But all that is not enough for you! They are undoubtedly then supposed to share with the poor? Here you demand that they should abolish poverty.

Oh yes, it proves, absolutely, the “kindheartedness” of the rich and their condescending “charity.” It proves the complacence of the poor for allowing their exploitation. And it proves the opposite; the guilt of the rich for their exploitation and their attempt to exculpate their guilt with charity. Had the rich any respect for others, they wouldn’t have lied and plundered their way to riches. The road of respect is bidirectional. Oh yes, the rich, because they have the power, and continue to play the “I know better than you,” and the “I am better than you” cards, and force their “better” on others with police and armies, they do have responsibility to end poverty. They need to give back, not give up, the excesses they have taken and never earned with their “capabilities.” They need not give up themselves, they need to give up what they have gained by theft and deception.

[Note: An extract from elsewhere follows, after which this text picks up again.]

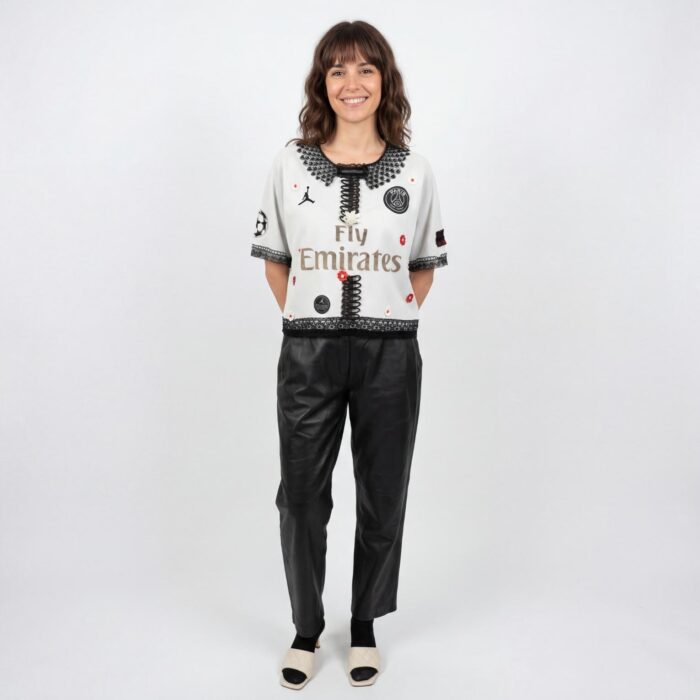 Maillot PSG vintage upcyclé avec diverses dentelles noires un col Claudine noir en crochet et des fleurs brodées vue de plein pied de face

Ceaseless self-promotion doesn’t let us take a breath, to come to a peaceful enjoyment; we don’t take pleasure in our possessions.

But the organization of work affects only such work as others can do for us, butchering, tillage, etc.; the rest remain egoistic, because no one can, for example, produce your musical compositions, carry out your painting projects, etc., in your place: Nobody can replace Raphael’s works. The latter are the works of a unique individual, which only he is capable of achieving, whereas the former [ordinary workers] deserve to be called “human”: because what is one’s own in them is of little importance, and just about “any human being” can be trained for them.

Stirner has missed, or ignored, the fact that those ordinary, everyday jobs “of little importance” are quite the opposite. They are far more important than Raphael’s paintings. He fails to acknowledge how crucial those simple jobs are to daily life. They may be ordinary, and may not require special knowledge or extensive training, but a Raphael painting can’t keep you warm or fill your stomach. He fails to see that a Raphael can be copied, faked and imitated by “any human being” trained for it. He fails to apply his own egoism to others.

He states, “society brings forth no one who is unique.” If Stirner is suggesting only Raphael-types are unique, he’s half wrong again. Everyone is unique. And society does in fact bring forth extraordinary persons. We are all products of our whole environment. It would be impossible for any extraordinary person not to be a product of countless influences including society. A perspective on daily needs places value not simply on the superfluity of pretty paintings or evocative music created by persons of specialized talent, but also appreciates and respects the regular, boring jobs of the unique individuals that keep the world turning, those who provide the others with various talents the time for pursuing their specialties.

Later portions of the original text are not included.